インフラとオタクたち

「せ、せんぱい」


 ずーみーの小さな体が小刻みに震えている。


「大丈夫だ」


 俺はその肩に手を置く。びくり、とずーみーは反応して、顔を上げた。


「任せればいい」

「でもっ、でも……」


 ずーみーは、眼鏡の向こうで瞳を揺らして訴えた。



「本当に、直るんスかね――ぱそこん……」



 ◇ ◇ ◇



 12月22日。二学期の終業式が終わり、ホームルームが終わったとき、教室に駆け込んできたのは俺の唯一の後輩だった。タブレットPCを抱えて、泣きそうな顔で呼びかけてくる。

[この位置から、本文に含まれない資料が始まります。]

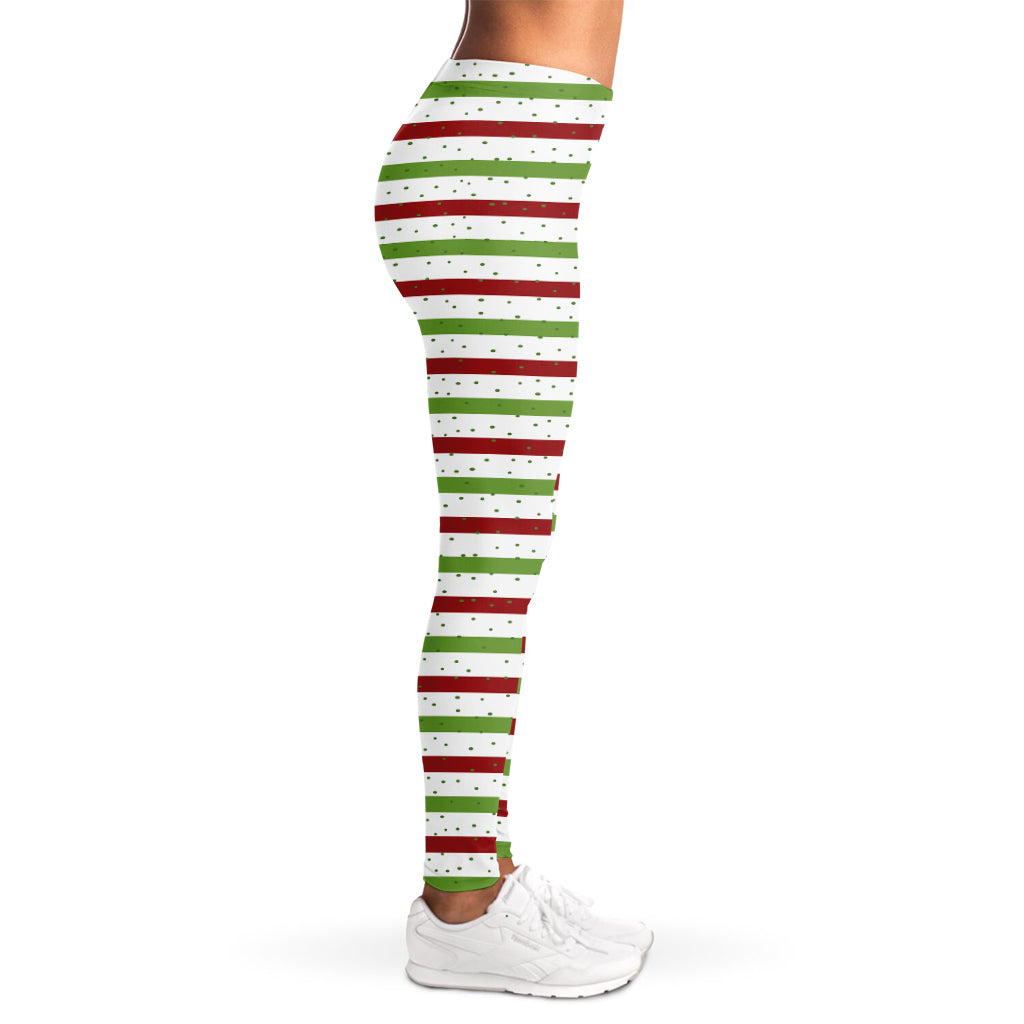 Merry Christmas Striped Pattern Print Women's Leggings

耳目を集めながら事情を聞いたところ――そのタブレットPCが壊れたらしい。


『このクソ忙しい時にマジかよ』


 さすがに教室であれこれするわけにもいかず、部室に引っ込んでチャットで相談する。


『ええっ!? ず、ずーみーちゃん、明日入稿だよね? データは!?』

「半分はクラウドに保存してあるッスけど……まだアップしてないやつが……」


 土曜にデータを上げ、ライムが写植をしてデザインを整えて月曜のアップに備えるのが獣野球伝のスケジュールなのだが、完成間近のデータはPCの中で眠りについてしまった。


『んで? BIOSまでは起動すんのか? OSは?』

「……先輩、今の分かるッスか?」

「さっぱりだ」

『オイ』


 PCなんて、電源入れたら使えるものとしか考えてなかったからなあ。


『ハァ……液タブだっけか? 何使ってんだ?』

「さーふぇすッス!」

『オ、イイデスネーSurface。ワタシも欲しいデス』


 マイクロソフトの出しているタブレット型PCだ。ずーみーはいつもこれで作業をしている。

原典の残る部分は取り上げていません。